After the death of his first wife in 1826, he remarried to Louisa Sophia Meredith (1810–1888) on July 7, 1829. She was the daughter of Jonathan Meredith. They were the parents of:

- Rebecca Brien Howland (1831–1876), who married her second cousin James Roosevelt Sr. in 1853. After Rebecca's death, James married Sara Ann Delano and became the father of Franklin D. Roosevelt.
- Meredith Howland (1833–1912), who married Adelaide Torrance, the daughter of Daniel Torrance and Sophia Johnson (née Vanderbilt) Torrance.
- Gardiner Greene Howland Jr. (1834–1903), who married Mary Grafton Dulany in 1856 and was the general manager of the New York Herald.
- Joanna Hone Howland (b. 1842), who married Irving Grinnel (b. 1840).
- Emma Meredith Howland (1847–1849), who died in infancy.
- Samuel Shaw Howland (1849–1925), who married Fredericka Belmont, daughter of August Belmont.

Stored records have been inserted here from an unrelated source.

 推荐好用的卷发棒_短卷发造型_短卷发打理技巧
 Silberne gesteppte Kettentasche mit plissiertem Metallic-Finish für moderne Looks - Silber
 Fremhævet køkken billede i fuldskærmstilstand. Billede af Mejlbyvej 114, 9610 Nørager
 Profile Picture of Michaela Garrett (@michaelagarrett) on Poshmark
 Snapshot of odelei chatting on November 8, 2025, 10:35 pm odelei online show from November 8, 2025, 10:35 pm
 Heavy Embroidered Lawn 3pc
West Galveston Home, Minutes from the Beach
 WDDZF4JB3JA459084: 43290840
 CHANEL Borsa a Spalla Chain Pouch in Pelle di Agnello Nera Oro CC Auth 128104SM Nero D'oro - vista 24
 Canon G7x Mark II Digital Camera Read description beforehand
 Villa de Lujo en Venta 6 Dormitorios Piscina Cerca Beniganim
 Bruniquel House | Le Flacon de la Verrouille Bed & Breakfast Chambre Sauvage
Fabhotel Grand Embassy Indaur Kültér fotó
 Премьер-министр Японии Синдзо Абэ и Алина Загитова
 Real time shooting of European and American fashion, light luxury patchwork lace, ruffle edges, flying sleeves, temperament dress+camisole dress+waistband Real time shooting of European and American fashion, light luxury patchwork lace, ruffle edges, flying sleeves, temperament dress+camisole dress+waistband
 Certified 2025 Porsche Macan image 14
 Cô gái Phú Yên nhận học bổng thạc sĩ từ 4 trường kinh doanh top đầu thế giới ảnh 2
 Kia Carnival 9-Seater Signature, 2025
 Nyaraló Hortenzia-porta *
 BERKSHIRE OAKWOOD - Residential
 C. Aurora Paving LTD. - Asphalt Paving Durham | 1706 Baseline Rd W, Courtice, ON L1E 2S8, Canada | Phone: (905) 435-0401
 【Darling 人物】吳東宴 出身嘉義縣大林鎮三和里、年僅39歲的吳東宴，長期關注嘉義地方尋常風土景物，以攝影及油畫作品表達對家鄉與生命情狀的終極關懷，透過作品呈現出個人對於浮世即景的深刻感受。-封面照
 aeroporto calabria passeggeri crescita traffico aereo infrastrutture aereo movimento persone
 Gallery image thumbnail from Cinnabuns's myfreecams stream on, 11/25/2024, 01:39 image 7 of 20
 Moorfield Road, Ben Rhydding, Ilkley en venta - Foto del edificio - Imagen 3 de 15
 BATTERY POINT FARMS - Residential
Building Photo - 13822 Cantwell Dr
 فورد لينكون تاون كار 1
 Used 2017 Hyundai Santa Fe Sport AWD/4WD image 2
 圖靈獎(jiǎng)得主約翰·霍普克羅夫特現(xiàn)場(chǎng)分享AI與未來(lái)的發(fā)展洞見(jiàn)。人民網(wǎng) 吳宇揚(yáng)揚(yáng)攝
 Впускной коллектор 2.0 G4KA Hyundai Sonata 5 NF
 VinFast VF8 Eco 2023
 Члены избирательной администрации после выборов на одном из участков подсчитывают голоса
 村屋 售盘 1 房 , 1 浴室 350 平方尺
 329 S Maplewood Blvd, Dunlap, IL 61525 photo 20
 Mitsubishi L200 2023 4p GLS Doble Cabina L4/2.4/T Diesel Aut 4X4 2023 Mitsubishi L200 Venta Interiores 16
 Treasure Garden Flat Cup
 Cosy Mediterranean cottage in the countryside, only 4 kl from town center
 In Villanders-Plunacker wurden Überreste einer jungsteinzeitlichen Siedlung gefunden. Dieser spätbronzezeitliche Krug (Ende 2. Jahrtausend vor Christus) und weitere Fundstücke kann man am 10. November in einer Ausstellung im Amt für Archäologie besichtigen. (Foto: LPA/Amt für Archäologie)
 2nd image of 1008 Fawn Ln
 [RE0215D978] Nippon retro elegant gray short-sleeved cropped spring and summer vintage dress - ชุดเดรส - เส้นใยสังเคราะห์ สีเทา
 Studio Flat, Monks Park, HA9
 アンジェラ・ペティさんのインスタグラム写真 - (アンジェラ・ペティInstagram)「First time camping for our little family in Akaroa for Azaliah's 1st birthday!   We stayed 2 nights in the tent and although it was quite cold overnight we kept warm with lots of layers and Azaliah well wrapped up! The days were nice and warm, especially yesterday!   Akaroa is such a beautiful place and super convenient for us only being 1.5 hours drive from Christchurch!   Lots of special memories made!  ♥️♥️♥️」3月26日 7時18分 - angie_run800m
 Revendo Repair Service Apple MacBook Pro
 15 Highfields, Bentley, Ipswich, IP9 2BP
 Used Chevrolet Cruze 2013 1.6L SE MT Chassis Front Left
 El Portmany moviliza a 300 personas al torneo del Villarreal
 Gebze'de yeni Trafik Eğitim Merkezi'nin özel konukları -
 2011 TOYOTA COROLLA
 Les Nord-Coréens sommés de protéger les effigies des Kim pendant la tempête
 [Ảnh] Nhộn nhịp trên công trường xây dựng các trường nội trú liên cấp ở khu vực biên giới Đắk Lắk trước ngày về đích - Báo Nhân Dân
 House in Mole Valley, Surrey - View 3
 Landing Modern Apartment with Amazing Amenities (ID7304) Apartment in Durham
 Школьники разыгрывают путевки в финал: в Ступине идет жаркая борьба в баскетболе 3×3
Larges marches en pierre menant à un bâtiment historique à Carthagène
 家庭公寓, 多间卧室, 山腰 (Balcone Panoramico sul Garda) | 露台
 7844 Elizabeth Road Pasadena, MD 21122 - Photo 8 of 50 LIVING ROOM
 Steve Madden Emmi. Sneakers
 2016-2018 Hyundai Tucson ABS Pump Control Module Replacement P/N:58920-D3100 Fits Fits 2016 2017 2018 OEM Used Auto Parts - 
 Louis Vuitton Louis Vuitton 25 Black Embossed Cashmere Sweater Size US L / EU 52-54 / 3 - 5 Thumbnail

Howland died on November 9, 1851, and was buried at Green-Wood Cemetery in Brooklyn, New York.

===Descendants===
Through his daughter Rebecca, he was a grandfather of James Roosevelt Roosevelt (1854–1927), who married Helen Schermerhorn Astor, the second daughter of businessman William Backhouse Astor Jr. and socialite Caroline Webster Schermerhorn Astor. Through his son Gardiner Jr., he was a grandfather of Maud Howland (1866–1952), who married banker, financier, and philanthropist Percy Rivington Pyne II; and Dulany Howland (1859–1915), who married Marguerite McClure. After Dulany's death, Marguerite married Ambassador Ogden H. Hammond, the father of Millicent Fenwick.